Reunion is a hilarious and irreverent take on marriage, stepmothers (four, in this case), half siblings (seven, in this case), strained parental relationships, the bond with siblings you grew up with, and the occasional ridiculousness of the rituals of death. I loved the combination of Pittard’s informal, straight forward writing style with the depth of the issues she covers.
On an open casket:
He’s figuring out when Stan will be ready for us to see – dressed, poised, restructured in the noggin. It seems as if everybody is at least on the same page that if we’re going to do this open casket thing, we should preview the body and make sure it’s decent enough for the children. Make sure whatever is going to show up in that box doesn’t cause serious scarring.

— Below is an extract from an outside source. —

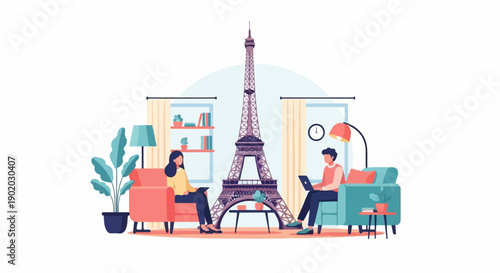 Couple relaxing indoors with Eiffel Tower view, working on laptops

On stepmothers and half siblings:
Is this my family? Are these women who came in such quick succession but who divorced me as easily as they divorced my father – are they my family? And these children, this rainbow of ages and heights and features – are they my family because half their DNA says they’d make good donors if and when the time comes? If this is what family is, then count me out.
On strained parental relationships:
But now we’re here […] gearing up to mourn this man, this relative stranger, this hoarder and baby maker and consummate ass, and I’m the only one who sees how shallow it all is. I’m the only one who objects to the performance of it all.
Some books just verbalize particular situations in such a perfect way that they make me think “yes, that’s exactly how it is” (this phrase was originally used by Maggie Shipstead to describe this quality in Adelle Waldman’s The Love Affairs of Nathaniel P.)….and Reunion is one of those books. There were multiple sections where I found myself nodding my head and thinking she got it exactly right.
On her father’s latest wife:
She gives me this small, sad smile, and I think, in another life, I wouldn’t have hated her necessarily. In another life, if I’d run into her at a coffee shop or a party, I might not even have minded talking to her for a few minutes.
Reunion was more than just a fun book for me (though, it definitely was fun!). It dealt with serious issues that touched a personal chord. But, Pittard handled them in a delightful way that made for the perfect combination of levity and depth.